Quando o filho feio tem pai orgulhoso

01/07/2012 - O Globo, Vera Araújo

Na contramão das críticas, engenheiro e ex-secretário de Obras defende a Perimetral

O Elevado da Perimetral, que há 34 anos liga a Avenida Brasil e a Ponte Rio-Niterói à Avenida General Justo, próximo ao Aeroporto Santos Dumont, encurtando caminhos, agora divide opiniões. Dependendo de quem veja a questão, a demolição da via expressa, que segundo a prefeitura começará em abril de 2013, vai acelerar a revitalização da Zona Portuária (como aposta o município) ou o caos urbano (como pensam alguns cariocas). Para o engenheiro civil Emílio Ibrahim, de 82 anos, considerado por urbanistas um dos pais da Perimetral, é quase como se um filho estivesse no estágio terminal de uma doença. Secretário de Obras do antigo Estado da Guanabara na gestão Chagas Freitas (1970-1975), coube a ele negociar para que os principais entraves à liberação da obra, marcada por constantes paralisações, fossem removidos. Hoje, Ibrahim não hesita em defender a cria:
- Tem que revitalizar os cinco milhões de metros quadrados da área do Porto Maravilha, incluindo a Perimetral no projeto.

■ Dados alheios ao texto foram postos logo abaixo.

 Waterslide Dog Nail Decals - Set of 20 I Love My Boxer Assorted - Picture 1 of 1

A campanha para a demolição do elevado de 7,3 quilômetros começou na gestão do prefeito Luiz Paulo Conde (1997-2001). Arquiteto, ele chegou a chamar a Perimetral de "mostrengo" - expressão que já tinha sido usada por urbanistas antes mesmo de a obra, feita com dinheiro estadual e federal, ser inaugurada, em 31 de maio de 1978. Conde anunciou que o elevado seria posto abaixo, mas foi vencido pela pressão popular e pelo argumento de que a demolição provocaria um nó no trânsito na Zona Portuária.

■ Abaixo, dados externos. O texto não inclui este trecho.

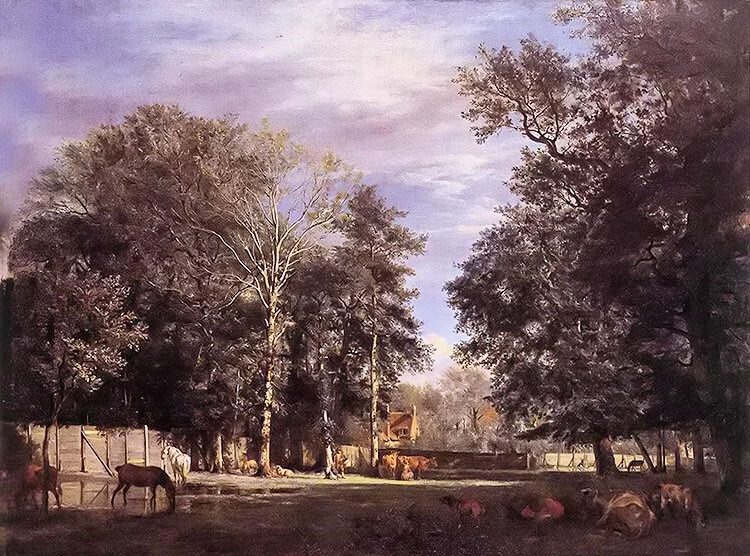 Oil painting adriaen van de velde – the farm with horses cows animal hand paint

A construção da Perimetral levou 25 anos. Em 1953, foi lançada a pedra fundamental. No entanto, as obras só começaram mesmo em 1969, devido a problemas com desapropriações, entre outros. Em sua primeira concepção, segundo o projeto do engenheiro Carlos Soares Pereira, a via teria apenas 2,5 quilômetros, começando perto do Aeroporto Santos Dumont e terminando na Avenida Rodrigues Alves.
Ibrahim participou da segunda etapa das obras em diante. Como secretário, uma das maiores dificuldades que enfrentou foi conseguir da Marinha a liberação da construção, já que o elevado atravessaria um terreno do 1 Distrito Naval e havia o temor de atentados.
- Nós nos comprometemos a fazer uma cerca para evitar que alguém jogasse bombas na área militar - lembra.
Além disso, a Perimetral atingiria imóveis da Companhia de Navegação Lloyd Brasileiro e da Administração do Porto. Coube a Ibrahim resolver também esses impasses. Ele conta que sobrevoava todos os dias as obras e negociava pessoalmente a compra das vigas de aço da CSN, em Volta Redonda. Até nos fins de semana o então secretário percorria os canteiros.
Ibrahim veio da cidade mineira de Mariana para o Rio em 1948 para jogar no Fluminense. Mesmo tendo trocado o futebol pela engenharia, ele dribla com elegância a controvérsia a respeito da demolição.
- A Perimetral descortinou uma beleza da Zona Portuária que o carioca não conseguia enxergar: o relevo da cidade entre a montanha e o mar. Um dos principais trechos é justamente o que margeia o 1 Distrito Naval, na Praça Mauá, de onde é possível admirar o Mosteiro de São Bento - argumenta.
Entre os documentos que guarda, Ibrahim mostra uma citação do amigo Lúcio Costa, arquiteto e urbanista.
- Olhe aqui - ele enfatiza, apontando para ao texto e empostando a voz. - Lúcio diz: "O prolongamento do Elevado da Perimetral dará ensejo a que se descortinem as fachadas leste e norte do imponente Mosteiro de São Bento com seu famoso botaréu" (obra maciça de alvenaria para reforçar paredes sujeitas a grandes pressões laterais). Passar de carro ali é um verdadeiro passeio turístico. Dá para ver a Ponte Rio-Niterói e a Candelária de frente. Não sou contra a revitalização da Zona Portuária, mas não é porque alguns arquitetos espanhóis puseram na cabeça que a Perimetral é um monstro que temos que acreditar nisso. É preciso ter bom senso - afirma.
O ex-secretário de Obras lembra o exemplo de outras cidades para defender a Perimetral.
- Tenho orgulho de dizer que vi esta obra nascer. Tenho motivos de sobra para não deixar que ela morra. Há várias capitais no mundo que conservam seus elevados. Até porque o trânsito ficará caótico ali. Para que sacrificar a vida dos moradores?